Equality Constraints:

eq_violations(1) = pos(end, 1) - x_d(1);
eq_violations(2) = pos(end, 2) - x_d(2);
eq_violations(3) = pos(end, 3) - x_d(3);
rotm = quat2rotm(desired_quaternion_orientation');
eq_violations(4) = sum((link_vec' - rotm(:,1)).^2);

Avoiding Obstacles:

A random set of spherical obstacles is now placed in the environment, and the robot must now reach its goal pose while avoiding these obstacles. In order to do so, inequality constraints are used to ensure that the links do not intersect or collide with the spherical obstacles. Here, the link end points are constrained so that they do not fall within the bounds of each sphere. These inequality constraints are placed within the constraints.m function.

Inequality Constraints:

%Note: r= sphere radius, (x,y,z) = sphere center
%Note: j = sphere number, k = link number
ineq_violations((j-1)*length(l)+k) = r^2 - (pos(k,1)-x)^2 - (pos(k,2)-y)^2 - (pos(k,3)-z)^2;

Demonstration:

In order to demonstrate the robot's ability to avoid obstacles, we can first construct an environment with no obstacles and the following goal state: [x,y,z,q0,q1,q2,q3] = [0.5,0.5,0.5,1,0,0,0]

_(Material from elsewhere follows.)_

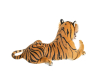   KiDWoW   325037780 - DW106001403-O__3_.JPG-1698783171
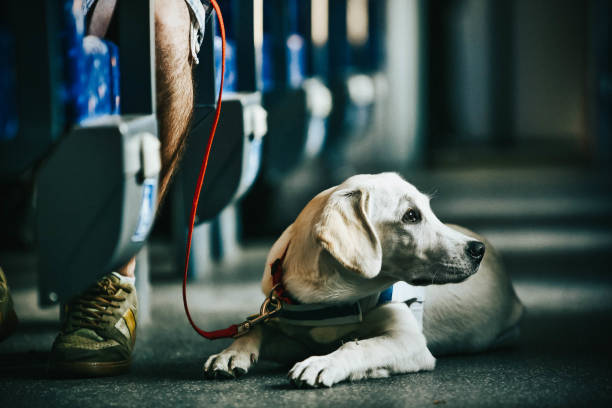 dog on a leash relaxing on the floor of a train - dog black labrador retriever animal nose imagens e fotografias de stock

Successful pose before adding interfering sphere

Now we add a spherical obstacle at [0.125, 0.271, 0.028] with radius 0.2 to see if the robot avoids the obstacle.

Robot reaches goal with new orientation to avoid sphere

Gallery:

Appendix: Forward Kinematics

fk.m takes the matrix of joint angles for each link and returns the position of each link using forward kinematics. The function loops through each link and calculates the relative rotation matrix, compared to the previous link. This rotation matrix is formed by multiplying the Rx (roll), Ry (pitch), and Rz (yaw) rotations together as shown below. Then the total rotation matrix is multiplied by the relative coordinates of the end of the current link [link_len 0 0]’ and added to the coordinates of the previous link.


% r(i) = roll, p(i) = pitch, y(i) = yaw;
Rx = [[1          0          0         ];
      [0          cos(r(i))  -sin(r(i))]
      [0          sin(r(i))  cos(r(i)) ]];
Ry = [[cos(p(i))  0          sin(p(i)) ];
      [0          1          0         ];
      [-sin(p(i)) 0          cos(p(i)) ]];
Rz = [[cos(y(i))  -sin(y(i)) 0         ];
      [sin(y(i))  cos(y(i))  0         ];
      [0          0          1         ]];
Rtot = Rx*Ry*Rz;
Rtot = Rprev*Rtot;
[cur_x cur_y cur_z]' = Rtot*[link_len 0 0]' + [prev_x prev_y prev_z]'

Appendix: Drawing the Robot

draw.m is called within the criterion.m function in order to show a graphical representation of the current orientation of the robot as fmincon attempts to find a set of joint angles that minimizes the cost function while achieving the constraints. draw.m calls fk.m to retrieve the current position of each link and then uses the MATLAB function plot3 to plot lines in 3D space that represents each link. This function also uses the target location (saved as a global variable) to plot a small red circle to represent the desired location of the tip of the last link.